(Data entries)
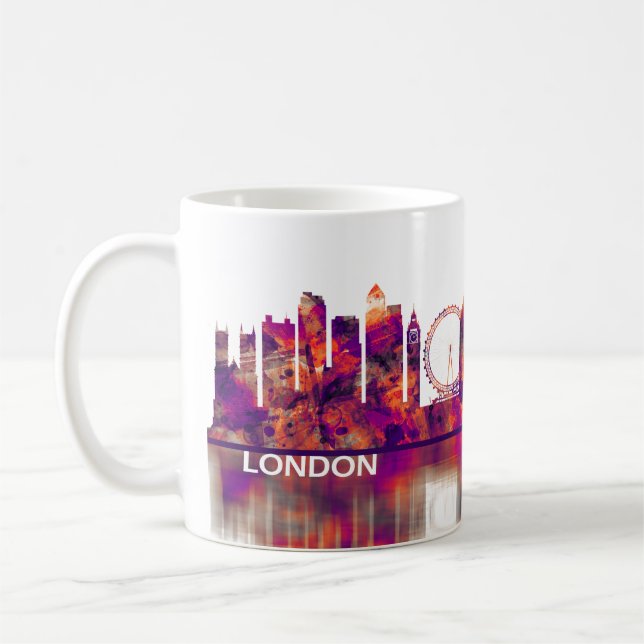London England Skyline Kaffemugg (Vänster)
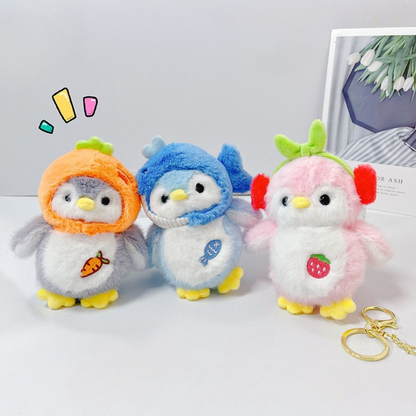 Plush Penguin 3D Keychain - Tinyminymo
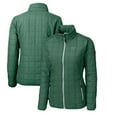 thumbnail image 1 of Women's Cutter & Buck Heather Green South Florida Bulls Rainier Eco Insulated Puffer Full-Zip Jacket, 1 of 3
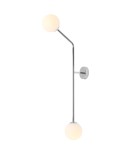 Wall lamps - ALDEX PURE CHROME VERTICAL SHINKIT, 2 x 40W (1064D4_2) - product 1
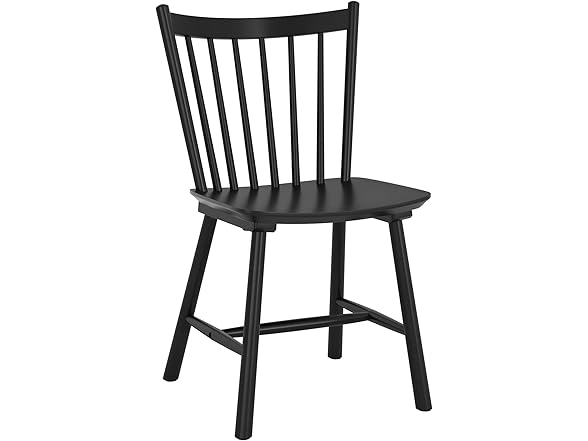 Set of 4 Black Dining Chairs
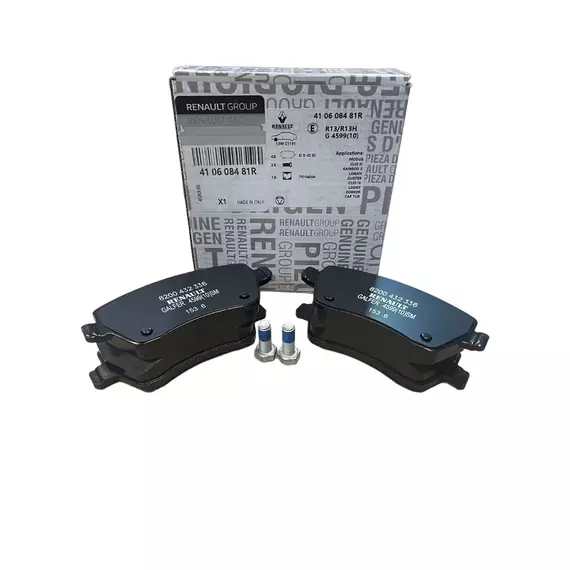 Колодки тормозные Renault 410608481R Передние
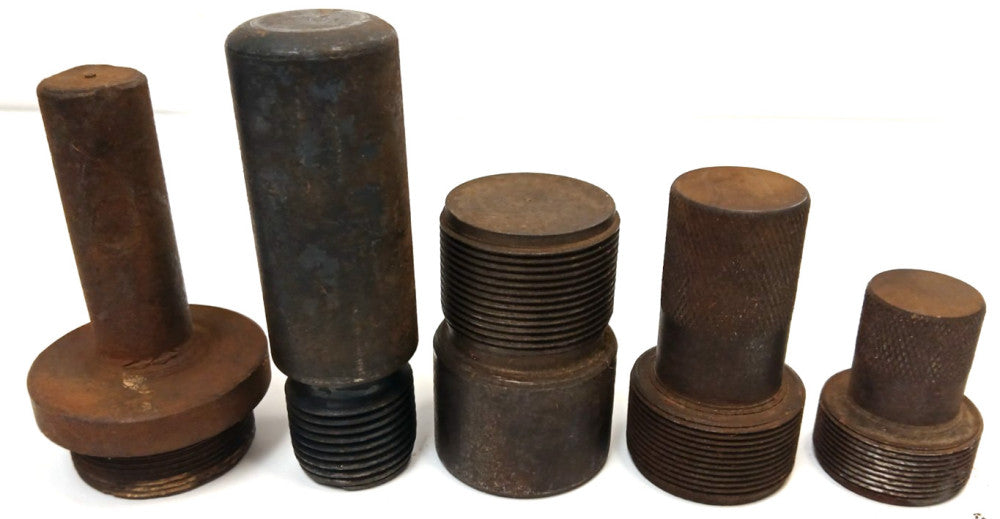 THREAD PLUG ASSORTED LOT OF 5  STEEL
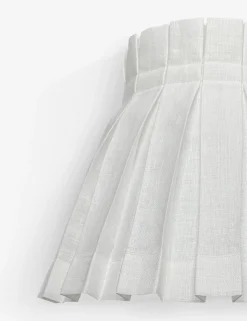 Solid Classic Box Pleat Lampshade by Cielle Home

* * *

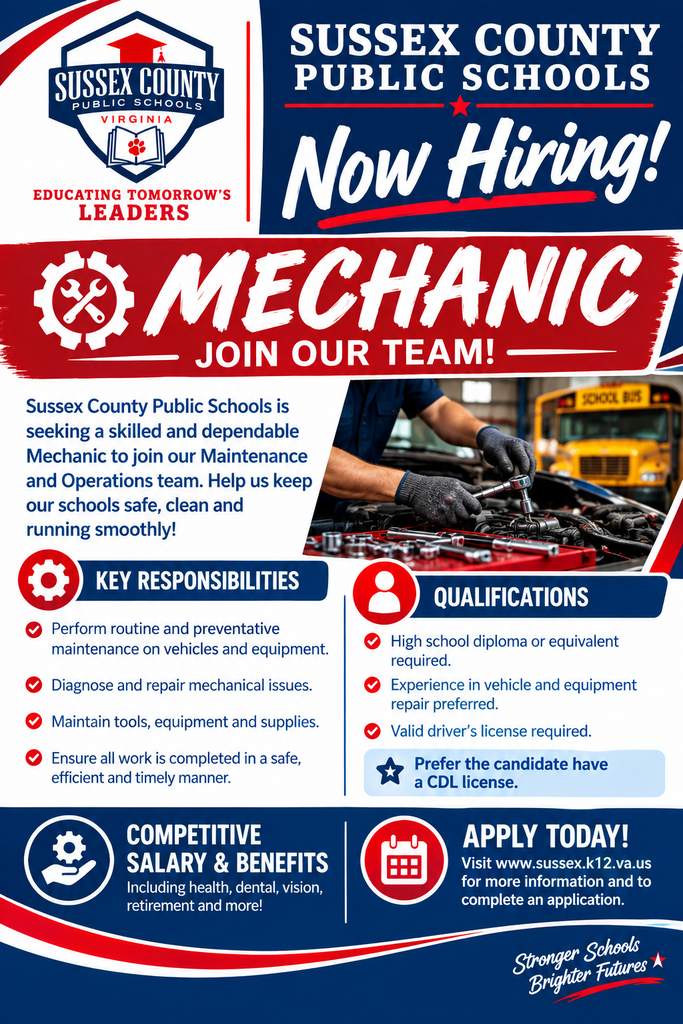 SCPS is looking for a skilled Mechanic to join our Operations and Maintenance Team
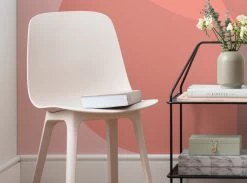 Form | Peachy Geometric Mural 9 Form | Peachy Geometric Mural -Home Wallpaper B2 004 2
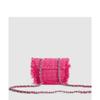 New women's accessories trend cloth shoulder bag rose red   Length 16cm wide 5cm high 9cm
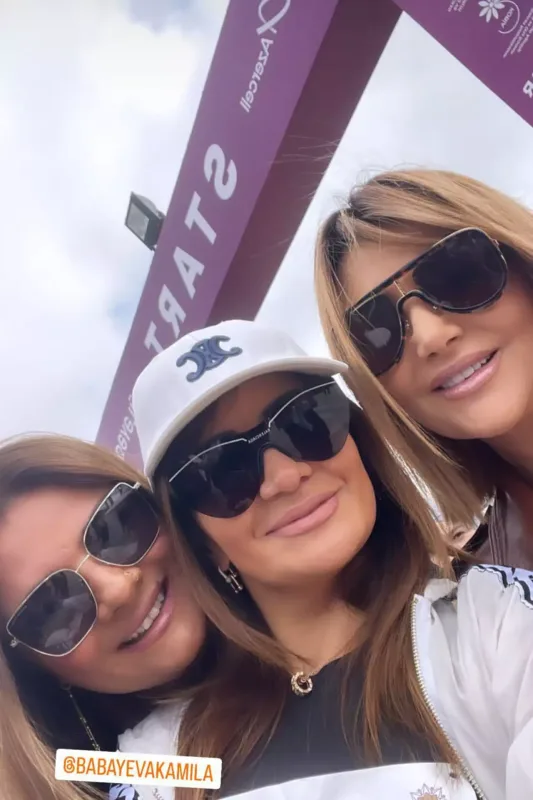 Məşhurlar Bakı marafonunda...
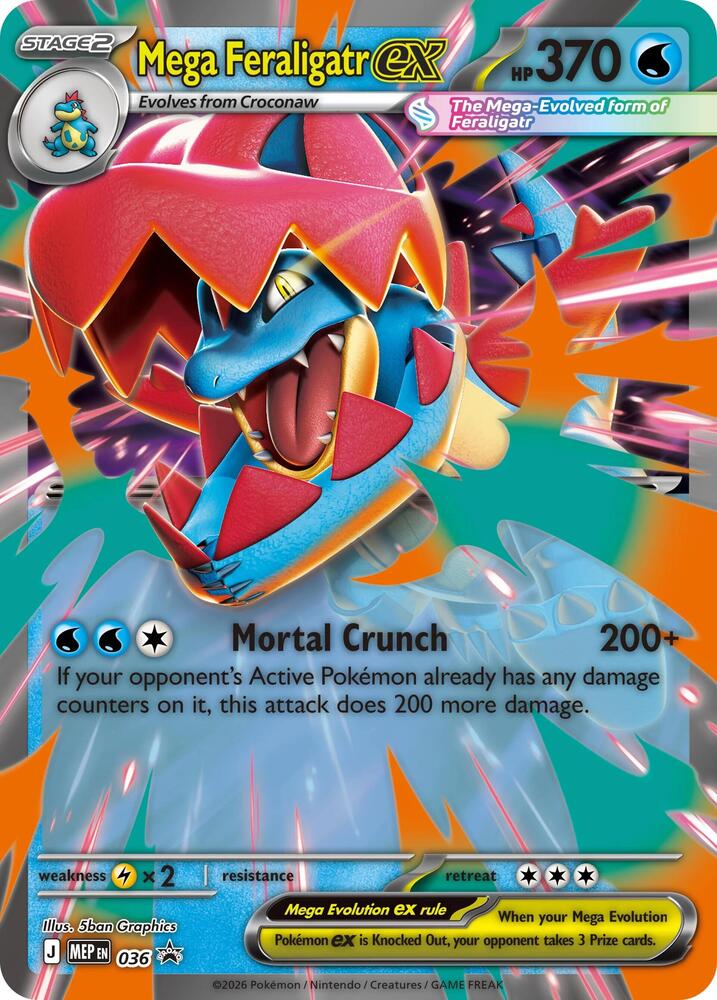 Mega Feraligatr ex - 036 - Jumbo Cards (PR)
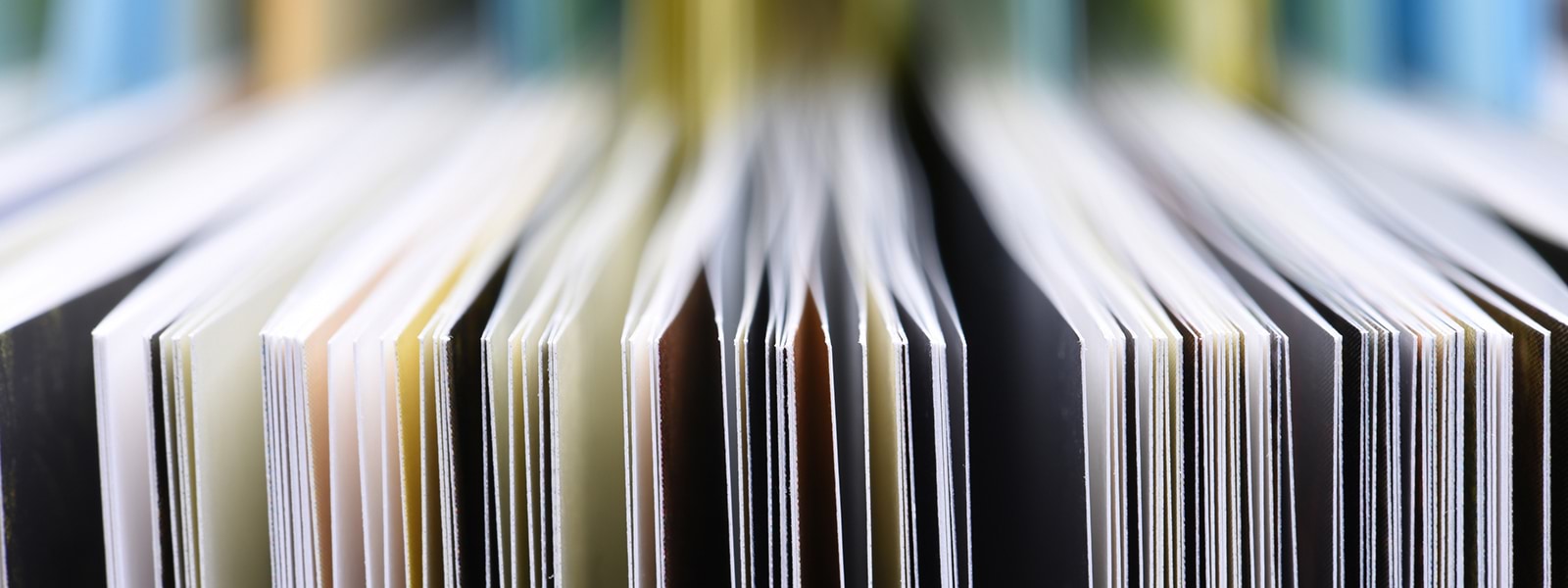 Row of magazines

• [TASK]
Using the data above, copy exactly the lines from the one containing "London England Skyline Kaffemugg (Vänster)" to the one containing "Solid Classic Box", inclusive. Exclude the pictures.

• [SOLUTION TO THIS PROBLEM]
London England Skyline Kaffemugg (Vänster)
 Plush Penguin 3D Keychain - Tinyminymo
 thumbnail image 1 of Women's Cutter & Buck Heather Green South Florida Bulls Rainier Eco Insulated Puffer Full-Zip Jacket, 1 of 3
 Wall lamps - ALDEX PURE CHROME VERTICAL SHINKIT, 2 x 40W (1064D4_2) - product 1
 Set of 4 Black Dining Chairs
 Колодки тормозные Renault 410608481R Передние
 THREAD PLUG ASSORTED LOT OF 5  STEEL
 Solid Classic Box Pleat Lampshade by Cielle Home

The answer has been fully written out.